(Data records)
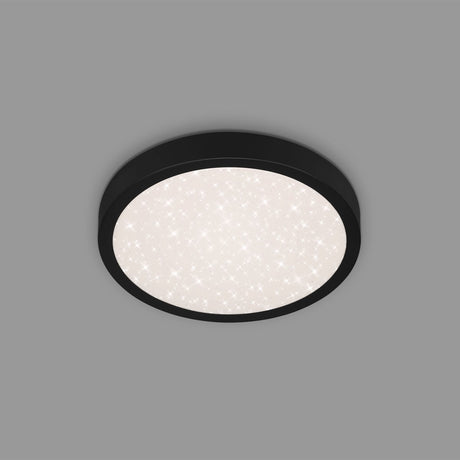 Briloner runa - sterrenhemel plafonniére - plafondlamp met metaal - 4000 k - 18w - zwart - ø28cm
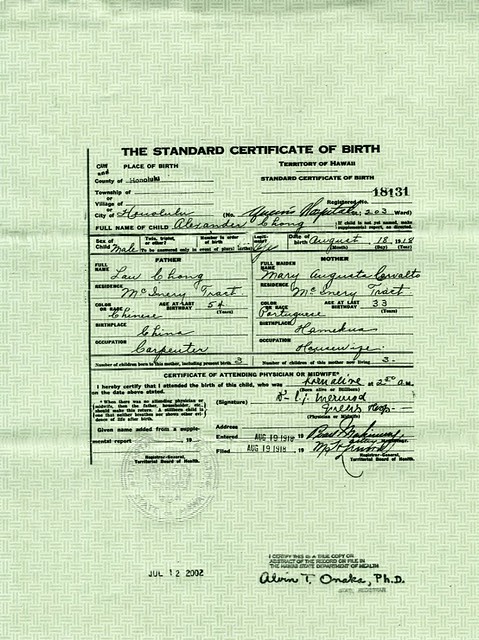 CHONG, Alexander:  Certificate of Birth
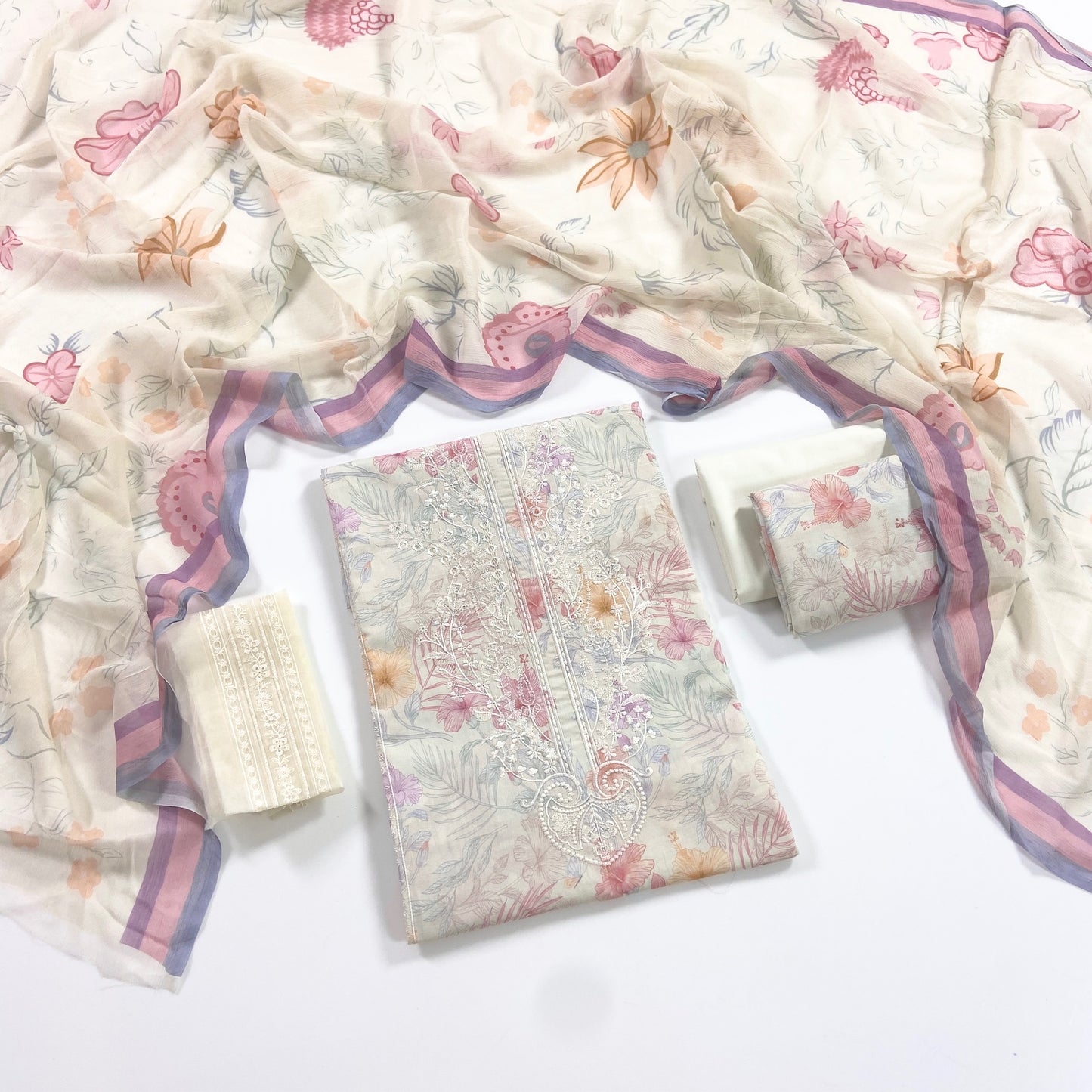 Nura By Shanaya Digital & Emb Lawn Collection 3PC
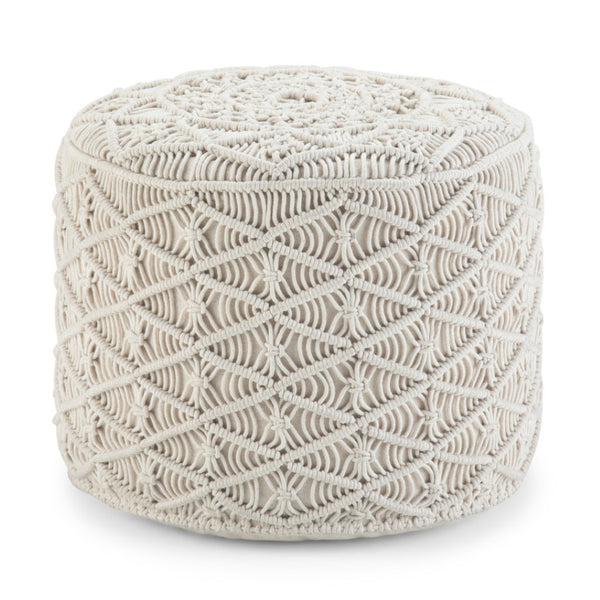 HomeRoots 18" Off White Cotton Round Pouf Ottoman - Versatile Accent for Modern & Bohemian Decor, Comfortable & Stylish 638526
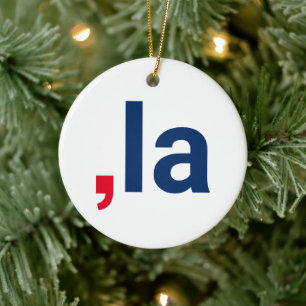 Comma La kamala funny pronunciation patriotic Ceramic Ornament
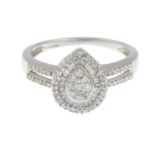 A 9ct gold vari-cut diamond dress ring.Total diamond weight 0.50ct,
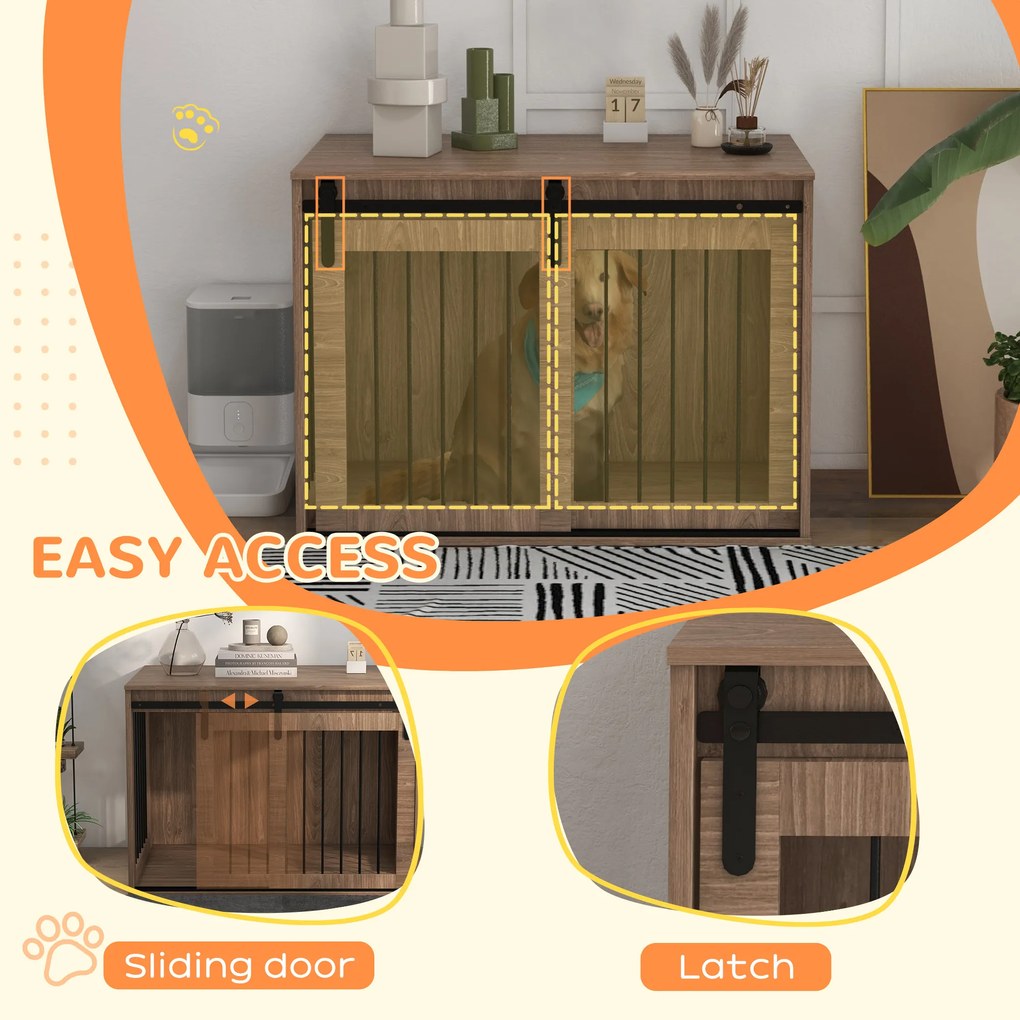 Klatka dla psów PawHut klatka dla dużych psów drewna 98x58x61 cm zamykana rustykalny design wygląd drewna orzech czarny | Aosom PL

WHAT THE TASK REQUIRES
Return only the stretch above from the line containing "Certificate of Birth" through the line containing "A 9ct gold vari-cut", word for word and without pictures.

RESPONSE TO THIS EXERCISE
 CHONG, Alexander:  Certificate of Birth
 Nura By Shanaya Digital & Emb Lawn Collection 3PC
 HomeRoots 18" Off White Cotton Round Pouf Ottoman - Versatile Accent for Modern & Bohemian Decor, Comfortable & Stylish 638526
 Comma La kamala funny pronunciation patriotic Ceramic Ornament
 A 9ct gold vari-cut diamond dress ring.Total diamond weight 0.50ct,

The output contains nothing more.